Create a threshold monitor

Threshold monitors allow you to build expressions for monitoring numeric thresholds from metrics, logs, or other types of data. For instance, you might want to monitor CPU usage for an application and receive an alert when it exceeds a specified threshold.

Thresholds are ideal for metrics data, but can be used with any Dataset with a single numeric column presenting a metric value.

You can create a threshold monitor from any Explorer or Worksheet, or from the monitors list.

Create a threshold monitor from an Explorer

Select Actions > Create monitor from the Log Explorer, Metric Explorer, or Trace Explorer to begin creating a new monitor.

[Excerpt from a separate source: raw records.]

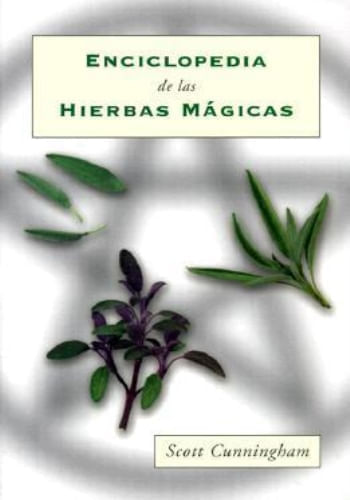 ENCICLOPEDIA DE LAS HIERBAS MÁGICAS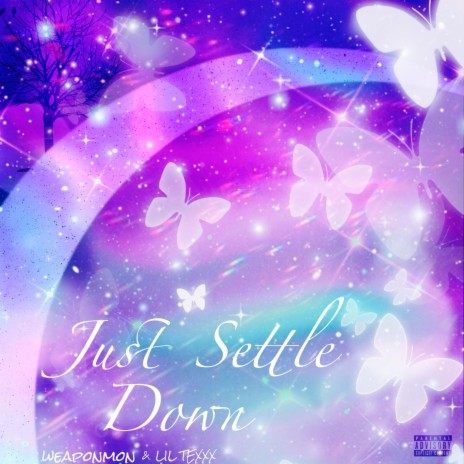 Just Settle Down ft. LILTEXXX | Boomplay Music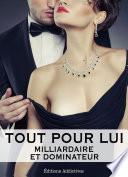 Tout pour lui – 1 (Milliardaire et dominateur)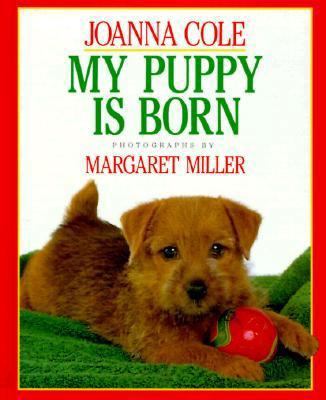 My Puppy is Born 0688097707 Book Cover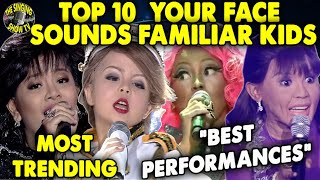 Top 10 Most Trending Your Face Sounds Familiar Kids  The Singing Show TV [upl. by Lesak]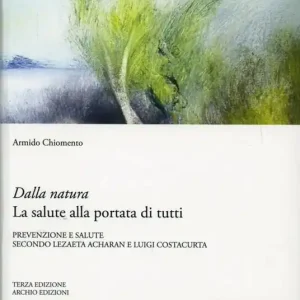 Dalla natura la salute alla portata di tutti. Prevenzione e cura della malattia secondo Lezaeta Acharan e Luigi Costacurta Affare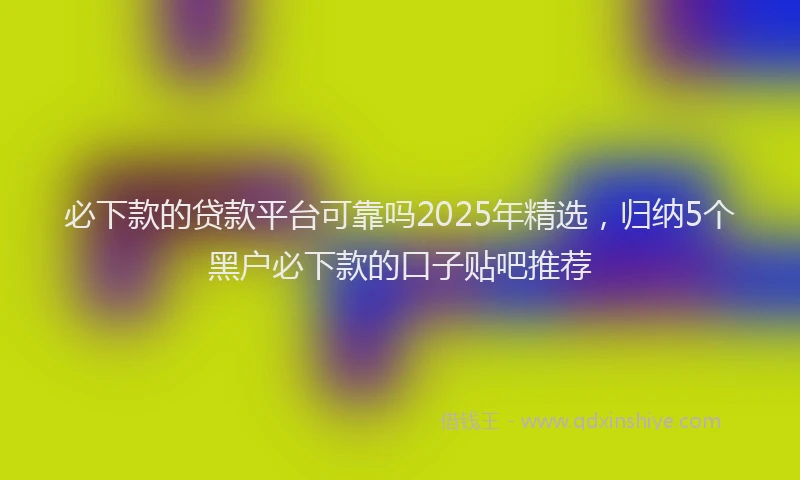 必下款的贷款平台可靠吗2025年精选，归纳5个黑户必下款的口子贴吧推荐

Start with a scenario that you want to alert on. For instance, you might do one of the following scenarios:

Metrics Explorer

Below is an example of how to begin creating a threshold monitor from the Metrics Explorer:

Open Metrics Explorer from the left navigation rail and select kube_pod_container_status_waiting_reason from Kubernetes Explorer/Prometheus Metrics.
Use the filter bar to limit the data to labels.reason = CrashLoopBackOff.
Set the Function to Sum, set the Group by to labels.container, and the Alignment to Average over 1m.

You should now see a chart of Kubernetes containers backing off from crash loop detection, which is ideally a very small number or zero.

To create a Threshold monitor from this data, click Actions > Create monitor in the top right of the Explorer to open the Monitor creation form with a preconfigured input.

Log Explorer

Open Log Explorer from the left navigation rail and select kubernetes/Event. Use the filter bar to limit the data to sourceComponent = "kubelet" and reason = "ProbeWarning". You should now see a list of Kubernetes containers warning that their readiness probes had to be terminated, which is ideally uncommon. The Count column will be used as the threshold metric.

To create a Threshold monitor from this data, click Create a monitor in the top right of the Explorer to open the Monitor creation form with a preconfigured input.

Create a threshold monitor from a Worksheet

Start with a scenario that you want to alert on. For instance, you might have a more complex query for Kubernetes Probe warnings that also looks up the DevOps team responsible and the service names affected. To create a Threshold Monitor, click the ellipses button the top right of the active stage on the left side of the screen, click Create a monitor and Threshold monitor to open the Monitor creation form with a preconfigured input.

See Create monitors and alerts for more details on alerting rules and actions.

Create a threshold monitor from the monitors list

Perform the following steps to begin creating a new threshold monitor from the monitors list:

In the left navigation rail, click Monitoring.
Click the Threshold panel.

The monitor type is automatically set to Threshold. Before you continue, give the monitor a name that is unique within the instance. You can prepend a name with an App name and a slash for organizational purposes. For example:

Continue by building the query for the monitor. No matter how you've started to build your threshold monitor, the flow is the same to proceed.

Monitor query

Review or build the monitor query to ensure that it's gathering the data you intend to monitor. Use the time selector to adjust the desired window of time. You have access to the entire set of Observe data manipulation tools: adjust the visualization type, use filters to trim it, and add queries or formulas to enrich the monitor.

Evaluation settings

Configure the settings to determine how this monitor evaluates the data coming in.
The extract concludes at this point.